Warum Magnesium meist nicht gegen Krämpfe hilft!

Viele haben ihn schon mal erlebt, manche bekommen ihn sehr sogar häufig – den Krampf! Obwohl uns die Pharmaindustrie immer noch glauben lassen möchte, dass die Aufnahme von Magnesium hier Abhilfe schafft, sind die Erkenntnisse über die Ursachen doch inzwischen viel weiter gekommen.

Für uns Sportler, insbesondere Ausdauersportler haben sich drei verschiedene Hauptursachen herauskristallisiert, und hierbei ist der Magnesiummangel nicht aufgeführt.

1. Die häufigste Ursache ist eine nicht richtig vorbereitete und trainierte Muskulatur. Dazu gehören die richtige Intensität, Dauer sowie auch die wichtigen regenerativen Maßnahmen wie Stretching.

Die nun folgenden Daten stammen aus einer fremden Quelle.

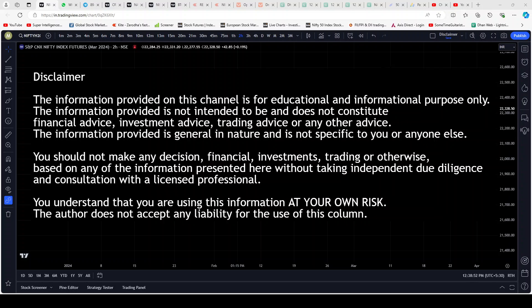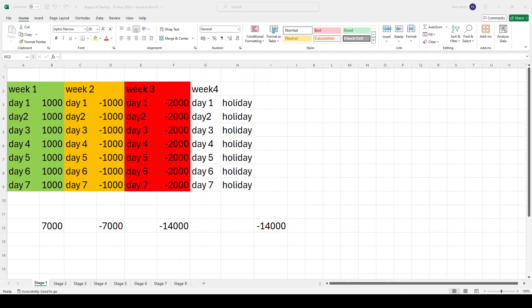I've drawn an Excel sheet where I've put up about eight stages of trading according to me. We are currently on stage one, which is the first sheet. At this stage, you are new to trading — say for example you have come in with one lakh rupees of capital. I'll divide a month into four weeks, and I'll assume that one week goes to holidays and the remaining three weeks, approximately 21 days, you actually get to trade.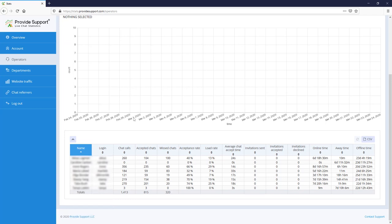Displayed here are operator performance details. They show online, offline and away time for operators. Their number of chats, sent chat invitations, accepted chats and missed chats, load rate and average chat accept time.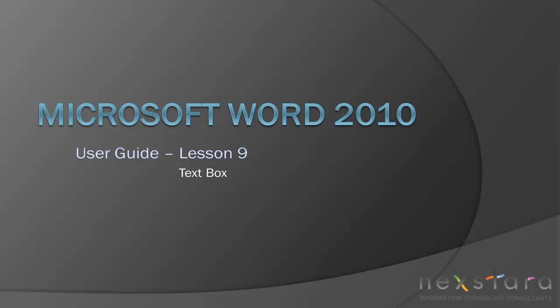Thank you for joining Nexstar TV for Microsoft Word 2010 User Guide Lesson 9 Text Box. If you've enjoyed this video, please be sure to visit www.nexstar.tv for other tutorials or subscribe to our YouTube channel.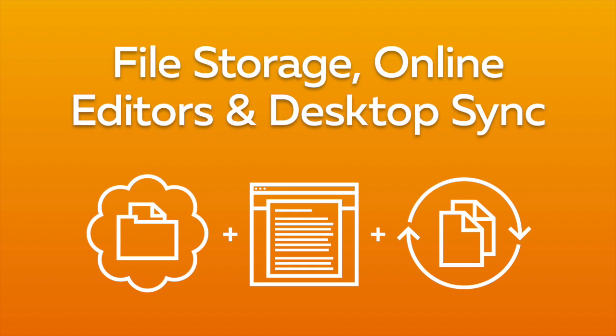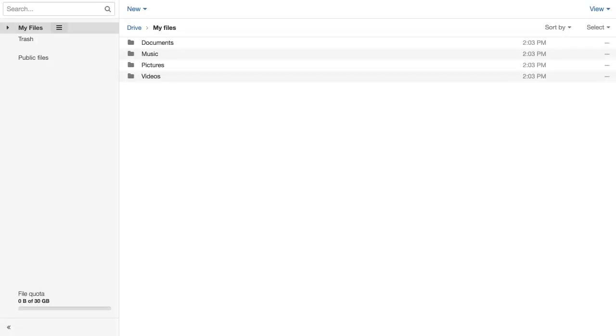With our Cloud Drive, you can be productive anytime from anywhere. To get started, you'll need to upload some files.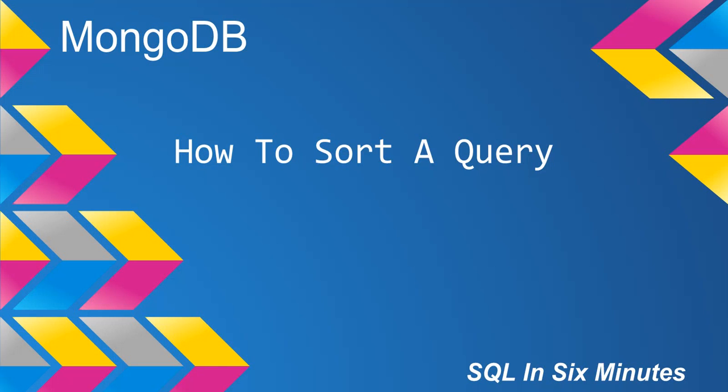This morning we're going to learn how to sort a query, and we're going to do it in a couple of ways.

2. An zweiter Stelle rangiert meist der Wassermangel, also die Dehydratation. Es geht beim Sport nicht darum so viel zu trinken, wie wir Durst haben, sondern so viel, wie wir auch wirklich benötigen. Im Ausdauersport, insbesondere bei langen Einheiten, sollten es als Faustregel 0,75 – 1 Liter Flüssigkeit pro Stunde sein. Diese Menge kann individuell in Abhängigkeit von den Bedingungen (Temperatur, Luftfeuchtigkeit, Anstrengung) schwanken.

3. Gleich danach kommt der Natriummangel. Anders als bei der nicht sporttreibenden Bevölkerung, die oftmals zu viel Natrium aufnimmt, ist bei Sportlern eher häufig eine zu geringe Aufnahme zu beobachten. Gerade im Ausdauersport, wo wir uns über mehrere bis hin zu sehr vielen Stunden betätigen und damit auch ein großer Schweißverlust einhergeht, ist die zusätzliche Aufnahme meist das richtige Mittel gegen mögliche Krämpfe.

Ob durch eine Salztablette, salzige Energie-Gels (z.B. Tomatengel) oder dem Beimengen von ein wenig Kochsalz in die Trinkflasche – es gibt viele Möglichkeiten hier vorzusorgen.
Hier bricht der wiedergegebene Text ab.